REST-*: Blessing or Bane?
Recently, JBoss has announced a new architecture initiative called REST-*. The purpose of this initiative is to create an open source project dedicated to the goal of applying web architecture to integration and middleware. They intend to take traditional integration concepts and find which ones fit into the REST model. The hope is to publish the specifications that will be created from this project as IETF RFCs.
From the website, the stated architecture goals are:
- Low barrier to entry – Clients that use the specification should have a very low barrier to entry. They shouldn’t need to install a library or large stack of software to use a specification. An HTTP client or web server provided by the language or platform should be enough to implement or use implementations of the specification.
- Edge Cases should be Extensions - Edge cases that complicate the main specification should be defined in a separate sub-specification. Extensions should strive to be layered on top of the main specification by using facilities like HATEOAS and HTTP conneg to provided their features.
- Pragmatic REST – While a specification should strive to follow RESTful principles, simplicity should never take a back seat to being a pure RESTafarian. If you need to bend the rules of REST to create a simpler design, then that’s the path that should be taken.
- 80/20 Rule – Specifications should remain simple. Many times in specification efforts, edge cases cause a lot of bloat and complexity within the specificaiton making it difficult to use, understand, and implement. Specifications should cover 80% of the most common use cases. Edge cases should not be in the main specifications. REST should be able to provide the facilities (HATEOAS, HTTP conneg) to abstract away edge cases.
- Avoid Envelope formats - Whenever possible, avoid envelope formats. Examples of envelope formats are SOAP and Atom. Envelope formats encourage tunneling over HTTP instead of leveraging HTTP. They also require additional complexities on both the client and the server. In most cases HTTP headers should be enough to transfer metadata about the request, response, or resource.
- Isolate data formats to extensions - If possible, specifications should try not to define new data formats.
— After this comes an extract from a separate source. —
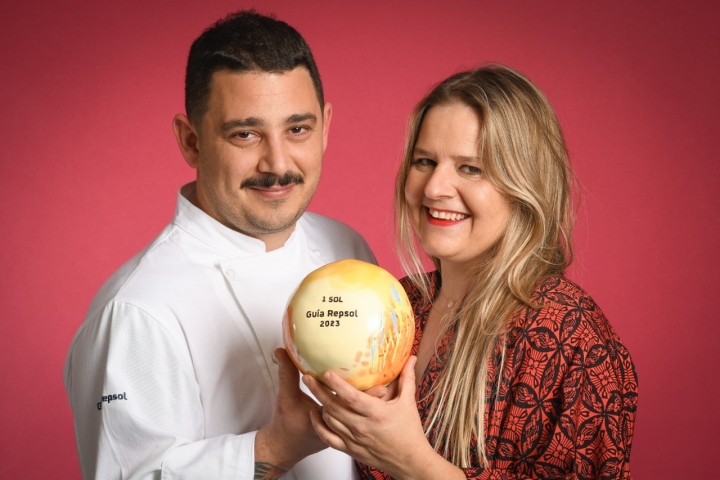 Paul Arrillaga y Maite Mujika ('Zazpi STM')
I will be following the developments of this project very closely since this is an area where I am dabbling a bit myself. I am very interested in seeing how they approach some of the issues I have blogged about recently. My only concern is that they will attempt to build specifications around some of the worst ideas in distributed computing. That is my primary complaint with the way the WS-* specifications have evolved. Back when the “S” in SOAP still stood for “Simple”, SOAP seemed like a promising way to build distributed systems based on open standards. Unfortunately, the specification committee promptly took the opportunity to add everything including the kitchen sink. In the process they made it nearly impossible to build anything with SOAP-based services and wrecked the promise of interoperability between different vendor implementations. I just hope the REST-* project does not repeat the same mistakes. (Distributed transactions and reliable messaging. I am looking at you.)